TEXT: ANDREAS WILINK
Der Brasilianer Walter Salles ist abonniert auf Roadmovies, seit er mit »Central Station« (1998 Gewinner des Goldenen Bären) den kleinen Josué und die alte Dora auf eine von komplizierten Gefühlen begleitete Suche schickte; und seit er »Die Reise des jungen Che« nachverfolgte, die den Medizinstudenten Ernesto Guevera zum Sozialrevolutionär werden ließ. Auch in «On the Road» sind die Figuren unterwegs – zwischen Denver, New York und San Francisco, auf der Spur der amerikanischen Pioniere. Gen Westen, nicht mehr zu Pferde, sondern per Anhalter, im Bus oder Auto. Unendliche Weiten, geografisch und mental. Denn der Horizont öffnet sich vor allem durch Drogen, Alkohol, Sex, Musik während all der ziel- und richtungslosen lazy days, die der werdende Schriftsteller Sal Paradise (Sam Riley) mit dem rebellischen, bisexuellen Ex-Sträfling Dean Moriarty (Garrett Hedlund), dessen erster Frau Marylou (Kristen Stewart) und ihrer Nachfolgerin Camille (Kirsten Dunst) verbringt.
Jack Kerouac soll der Legende gemäß seinen Roman, die Heilige Schrift der Beatnik-Generation, in einem Rutsch an der Schreibmaschine zu Papier gebracht haben. Um den Schreibfluss nicht zu bremsen, habe er keine einzelnen Seiten eingespannt, sondern eine 30 Meter lange Rolle aus aneinandergeklebten Bögen benutzt. Die Anekdote ist filmreif – Salles lässt sie sich nicht entgehen. Allerdings, die Atemlosigkeit, das Berauschende, die formale Enthemmung, das scheinbar Unkontrollierte gibt es auf der Leinwand nicht, auch wenn sich die Darsteller mächtig einfühlen. Vielleicht wäre Francis Ford Coppola der bessere Mann gewesen, er hatte sich die Rechte gesichert, aber den Stoff nicht angepackt. Das Ergebnis gibt ihm Recht.
Vielleicht liegt es daran, dass sich der Look der Freiheit visuell abgenutzt hat, dass Ideale der Ent-Normierung zu Mainstream geworden sind und die Werbung all diese Bildflächen belegt hat. »On the Road« hätte ganz andere Stimmungen und Bilder gebraucht als die eines zu Tode fotografierten Amerika der Jahre um 1950 mit nostalgischen Autokotflügeln und schmalen Schlipsen, mit wogendem Korn, Baumwollfeldern, Südstaatenvillen, Winterstarre und Sonnenglut.

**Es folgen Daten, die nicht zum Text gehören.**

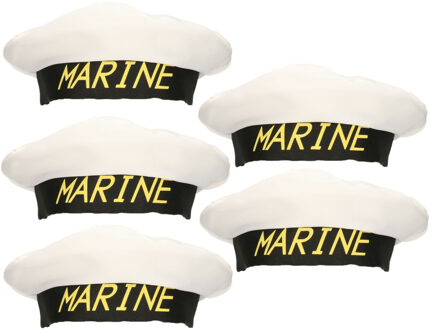 Atosa Carnaval verkleed Matroos/matrozen hoedje - 5x - wit/zwart - voor volwassenen - Maritiem thema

Auch einen anderen Kunstgriff als den, Texte des Buches mit einer Erzählerstimme einfach so über die Geschichte zu legen. Es müsste synkopischer sein, brennender, nervöser, schmutziger und rauer. Die schicken Jazz-Hotlines in den verrauchten Clubs bringen es da auch nicht.
»On the Road«; Regie: Walter Salles; Darsteller: Sam Riley, Garrett Hedlund, Kristen Stewart, Kirsten Dunst, Steve Buscemi, Viggo Mortensen; USA/F/GB 2012, 140 Min.; Start: 4. Oktober 2012.